Create a feature repository

feast init feature_repo

Edit feature_store.yaml

set offline_store type to be feast_trino.TrinoOfflineStore

project: feature_repo
registry: data/registry.db
provider: local
offline_store:
    type: feast_trino.trino.TrinoOfflineStore
    host: localhost
    port: 8080
    catalog: memory
    connector:
        type: memory
online_store:
    path: data/online_store.db

Create Trino Table

Edit feature_repo/example.py

# This is an example feature definition file
import pandas as pd
from google.protobuf.duration_pb2 import Duration
from feast import Entity, Feature, FeatureView, FileSource, ValueType, FeatureStore

from feast_trino.connectors.upload import upload_pandas_dataframe_to_trino
from feast_trino import TrinoSource
from feast_trino.trino_utils import Trino

store = FeatureStore(repo_path="feature_repo")

client = Trino(
    user="user",
    catalog=store.config.offline_store.catalog,
    host=store.config.offline_store.host,
    port=store.config.offline_store.port,
)
client.execute_query("CREATE SCHEMA IF NOT EXISTS feast")
client.execute_query("DROP TABLE IF EXISTS feast.driver_stats")
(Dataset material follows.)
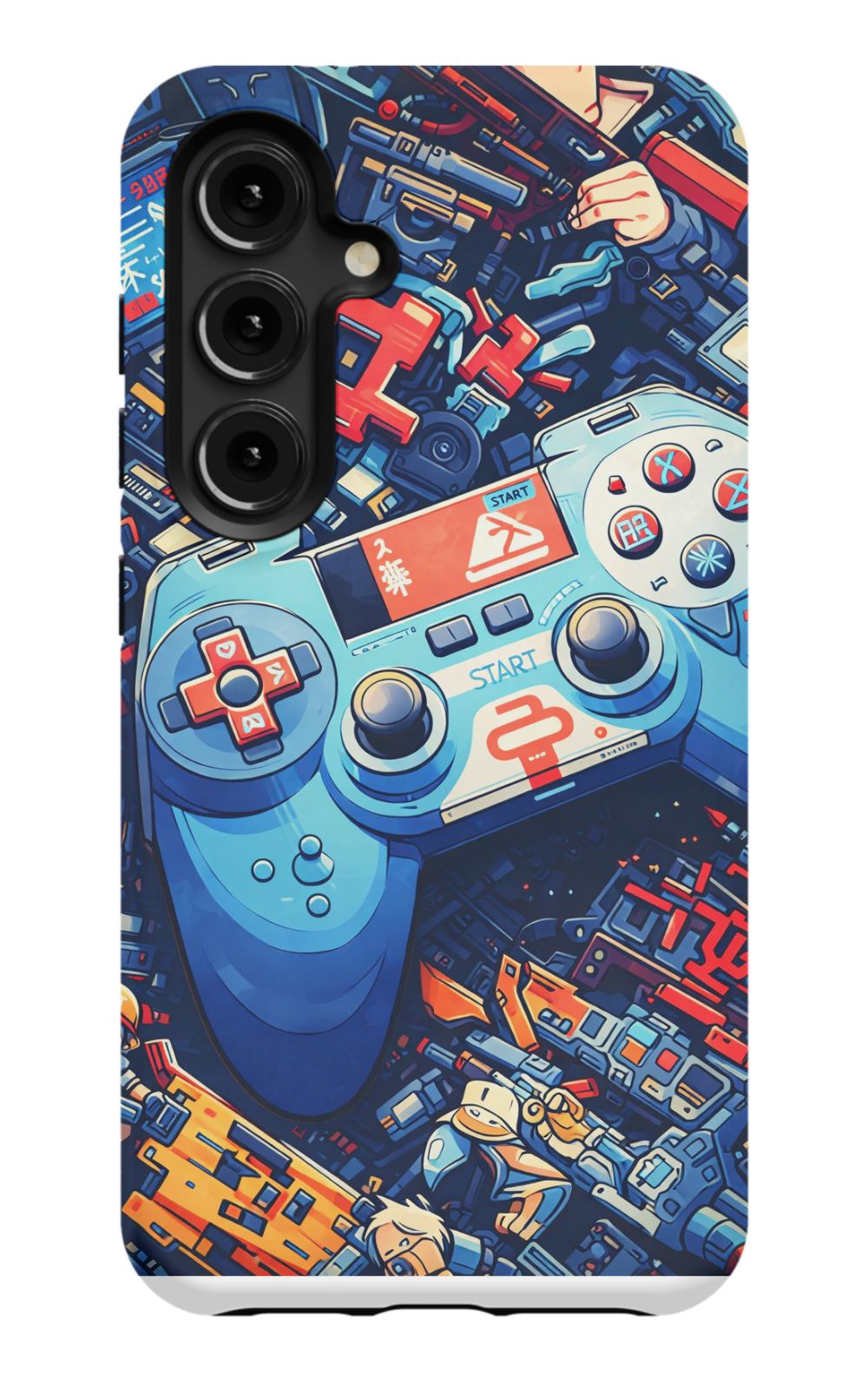 Futuristic gaming controller in cyberpunk world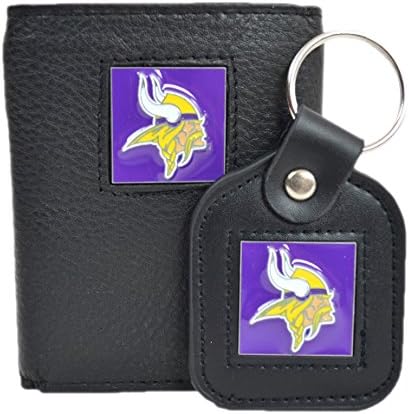 Official National Football League Fan Shop Authentic Genuine Leather NFL Trifold Wallet and Key Chain Bundled Set (Minnesota Vikings)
input_df = pd.read_parquet("./feature_repo/data/driver_stats.parquet")
upload_pandas_dataframe_to_trino(
    client=client,
    df=input_df,
    table_ref="feast.driver_stats",
    connector_args={"type": "memory"},
)


# Read data from parquet files. Parquet is convenient for local development mode. For
# production, you can use your favorite DWH, such as BigQuery. See Feast documentation
# for more info.
driver_hourly_stats = TrinoSource(
    event_timestamp_column="event_timestamp",
    table_ref="feast.driver_stats",
    created_timestamp_column="created",
)

# Define an entity for the driver. You can think of entity as a primary key used to
# fetch features.
driver = Entity(name="driver_id", value_type=ValueType.INT64, description="driver id",)
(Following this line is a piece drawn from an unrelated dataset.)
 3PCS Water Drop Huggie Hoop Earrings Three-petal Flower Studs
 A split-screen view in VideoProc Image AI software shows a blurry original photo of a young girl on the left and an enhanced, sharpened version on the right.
# Our parquet files contain sample data that includes a driver_id column, timestamps and
# three feature column. Here we define a Feature View that will allow us to serve this
# data to our model online.
driver_hourly_stats_view = FeatureView(
    name="driver_hourly_stats",
    entities=["driver_id"],
    ttl=Duration(seconds=86400 * 1),
    features=[
        Feature(name="conv_rate", dtype=ValueType.FLOAT),
        Feature(name="acc_rate", dtype=ValueType.FLOAT),
        Feature(name="avg_daily_trips", dtype=ValueType.INT64),
    ],
    online=True,
    batch_source=driver_hourly_stats,
    tags={},
)
store.apply([driver, driver_hourly_stats_view])
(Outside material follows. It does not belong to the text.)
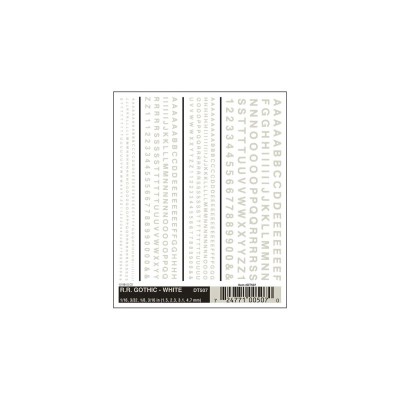 WS507 R.R.GOTHIC WHITE DRY TRANSFER DECALS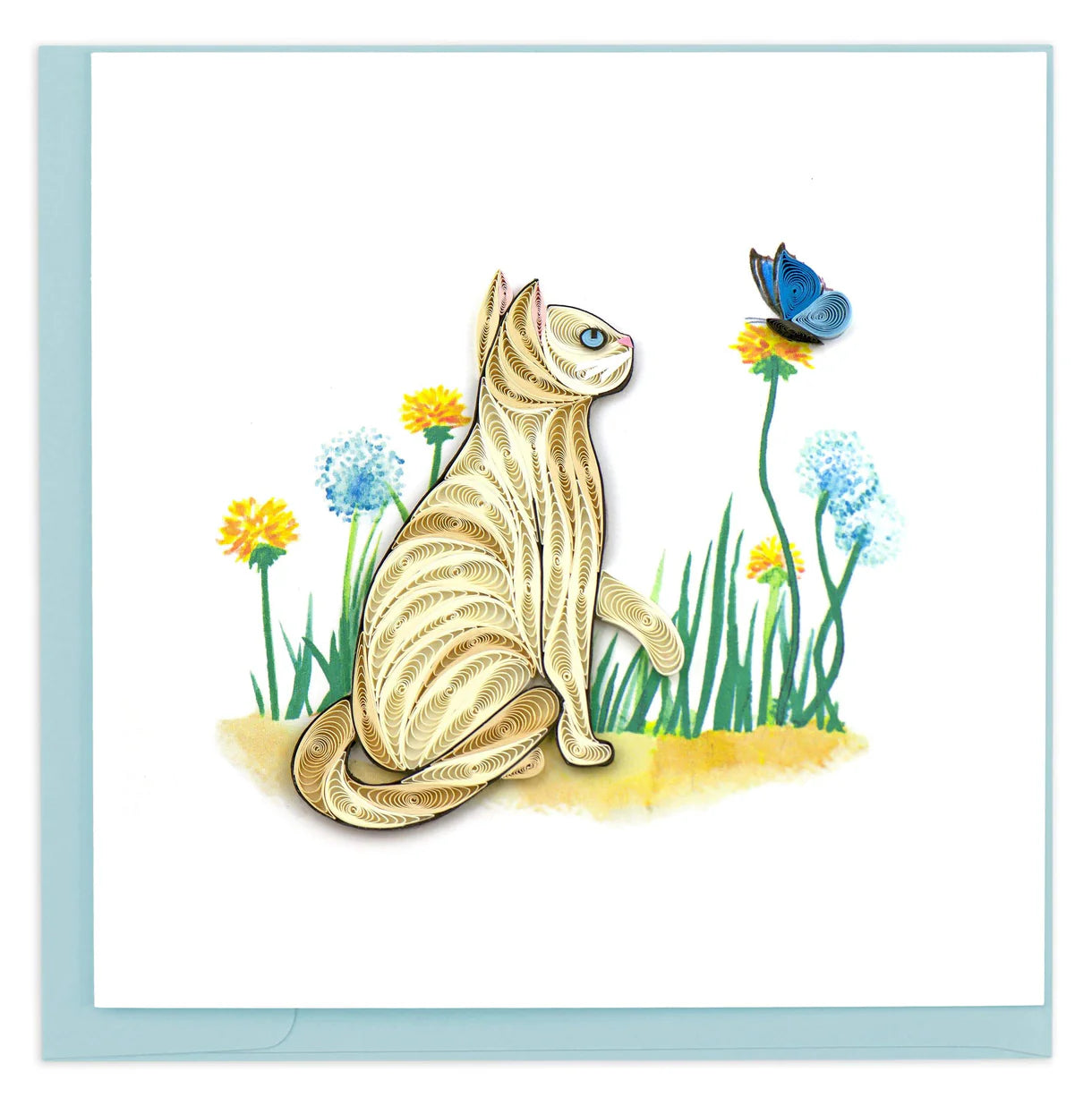 Quilling Card White Cat & Butterfly (bl1204)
# Run an historical retrieval query
output_df = store.get_historical_features(
    entity_df="""
    SELECT
        1004 AS driver_id,
        TIMESTAMP '2021-11-21 15:00:00+00:00' AS event_timestamp
    """,
    features=["driver_hourly_stats:conv_rate"]
).to_df()
print(output_df.head())

Apply the feature definitions

python feature_repo/example.py

Developing and Testing

Developing

git clone https://github.com/shopify/feast-trino.git
cd feast-trino
# creating virtual env ...
python -v venv venv/
source venv/bin/activate

make build

# before commit
make format
make lint

Testing unit test

make start-local-cluster
make test
make kill-local-cluster

Note: You can visit http://localhost:8080/ui/ to access the Web UI of Trino. This makes it easy to look for queries.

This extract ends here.